Newtown Merayakan Natal, Menghormati Korban Sandy Hook

Di tengah boneka beruang, stoking, bunga, dan lilin yang tertutup salju, kota kecil Newtown, Connecticut terus memberikan penghormatan kepada 20 anak dan enam pendidik yang meninggal secara tragis hanya 11 hari sebelum Natal.

Curahan dukungan terhadap komunitas ini berlanjut hingga Malam Natal, dengan pengunjung berdatangan ke Balai Kota dengan membawa persembahan kartu, kepingan salju buatan tangan, dan simpati.

“Kami tahu mereka akan merasa dicintai,” kata Treyvon Smalls, remaja berusia 15 tahun dari beberapa kota yang datang dengan membawa ratusan kartu dan kepingan salju kertas yang dikumpulkan dari seluruh negara bagian. “Mereka akan merasa bahwa seseorang benar-benar peduli.”

Dan pada Hari Natal, petugas polisi luar kota sedang bertugas untuk memberikan istirahat kepada polisi di sini.

“Senang sekali mereka bisa memanfaatkan kita dengan cara ini,” kata Ted Latiak, seorang detektif polisi dari Greenwich, Conn., ketika dia dan rekan detektifnya, yang masing-masing bekerja setengah hari, muncul dari sebuah toko yang menjual bagel dan kopi untuk petugas lainnya.
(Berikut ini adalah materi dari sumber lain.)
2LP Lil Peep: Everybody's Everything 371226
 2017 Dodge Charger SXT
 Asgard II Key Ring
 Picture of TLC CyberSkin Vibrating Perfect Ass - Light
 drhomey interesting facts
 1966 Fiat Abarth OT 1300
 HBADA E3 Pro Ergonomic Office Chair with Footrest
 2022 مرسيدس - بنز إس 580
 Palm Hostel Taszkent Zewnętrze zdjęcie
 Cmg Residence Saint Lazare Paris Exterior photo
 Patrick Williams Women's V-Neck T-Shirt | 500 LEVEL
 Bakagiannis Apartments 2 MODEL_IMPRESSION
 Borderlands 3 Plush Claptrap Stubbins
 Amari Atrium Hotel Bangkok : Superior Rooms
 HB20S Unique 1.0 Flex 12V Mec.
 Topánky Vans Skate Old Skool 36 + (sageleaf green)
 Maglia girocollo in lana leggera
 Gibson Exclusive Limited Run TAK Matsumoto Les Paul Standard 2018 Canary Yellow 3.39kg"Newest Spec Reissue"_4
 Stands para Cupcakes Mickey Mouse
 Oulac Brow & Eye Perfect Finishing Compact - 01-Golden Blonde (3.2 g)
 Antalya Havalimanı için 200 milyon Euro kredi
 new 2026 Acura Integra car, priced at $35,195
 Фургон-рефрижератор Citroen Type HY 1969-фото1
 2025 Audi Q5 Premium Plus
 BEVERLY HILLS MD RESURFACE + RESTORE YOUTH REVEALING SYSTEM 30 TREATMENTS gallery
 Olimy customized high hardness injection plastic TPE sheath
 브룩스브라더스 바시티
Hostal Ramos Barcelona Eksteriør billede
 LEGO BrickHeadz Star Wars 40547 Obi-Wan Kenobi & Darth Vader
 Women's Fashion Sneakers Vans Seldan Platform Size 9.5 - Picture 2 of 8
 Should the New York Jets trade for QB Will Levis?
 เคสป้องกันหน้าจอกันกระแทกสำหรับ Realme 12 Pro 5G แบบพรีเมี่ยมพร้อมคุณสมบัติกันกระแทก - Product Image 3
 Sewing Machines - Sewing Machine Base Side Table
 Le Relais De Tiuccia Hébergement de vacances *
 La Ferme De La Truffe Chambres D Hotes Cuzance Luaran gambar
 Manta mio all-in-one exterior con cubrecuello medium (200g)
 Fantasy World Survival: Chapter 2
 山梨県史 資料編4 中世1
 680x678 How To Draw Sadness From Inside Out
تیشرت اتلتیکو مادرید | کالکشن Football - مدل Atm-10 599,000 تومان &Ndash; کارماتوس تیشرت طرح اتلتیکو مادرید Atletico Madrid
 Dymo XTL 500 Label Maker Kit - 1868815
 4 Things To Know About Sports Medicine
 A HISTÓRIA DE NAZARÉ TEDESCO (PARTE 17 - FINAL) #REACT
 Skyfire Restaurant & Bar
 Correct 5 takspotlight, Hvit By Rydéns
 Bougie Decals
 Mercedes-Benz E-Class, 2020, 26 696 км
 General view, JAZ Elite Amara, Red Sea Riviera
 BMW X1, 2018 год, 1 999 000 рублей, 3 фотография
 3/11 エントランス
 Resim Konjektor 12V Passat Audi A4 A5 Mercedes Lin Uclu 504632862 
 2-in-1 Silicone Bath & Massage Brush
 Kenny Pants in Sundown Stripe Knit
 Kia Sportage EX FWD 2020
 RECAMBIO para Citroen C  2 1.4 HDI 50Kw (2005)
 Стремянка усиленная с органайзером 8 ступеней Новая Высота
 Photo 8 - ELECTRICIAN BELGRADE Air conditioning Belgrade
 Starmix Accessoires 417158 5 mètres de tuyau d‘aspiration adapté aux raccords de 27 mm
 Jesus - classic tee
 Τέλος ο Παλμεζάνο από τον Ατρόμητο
Di Gereja Episkopal Trinity, kurang dari 2 mil dari sekolah, ratusan orang menghadiri kebaktian Malam Natal. Mereka disambut oleh suara paduan suara anak-anak yang bergema di seluruh aula suaka yang dindingnya dihiasi karangan bunga hijau dan pita merah.

Program gereja mengatakan bunga disumbangkan untuk menghormati korban penembakan Sandy Hook, yang diidentifikasi berdasarkan nama atau sebagai “malaikat sekolah” dan “keluarga Sandy Hook.”

Layanan tersebut, yang umumnya bernuansa perayaan, hanya memberikan sedikit referensi yang tidak jelas tentang penembakan tersebut. Pastor Kathie Adams-Shepherd memimpin jemaat untuk berdoa “agar kegembiraan dan kenyamanan dari konselor yang luar biasa ini dapat menyemangati semua orang yang terkena dampak penyakit, bahaya atau kesedihan, terutama semua keluarga yang terkena dampak penembakan Sandy Hook.”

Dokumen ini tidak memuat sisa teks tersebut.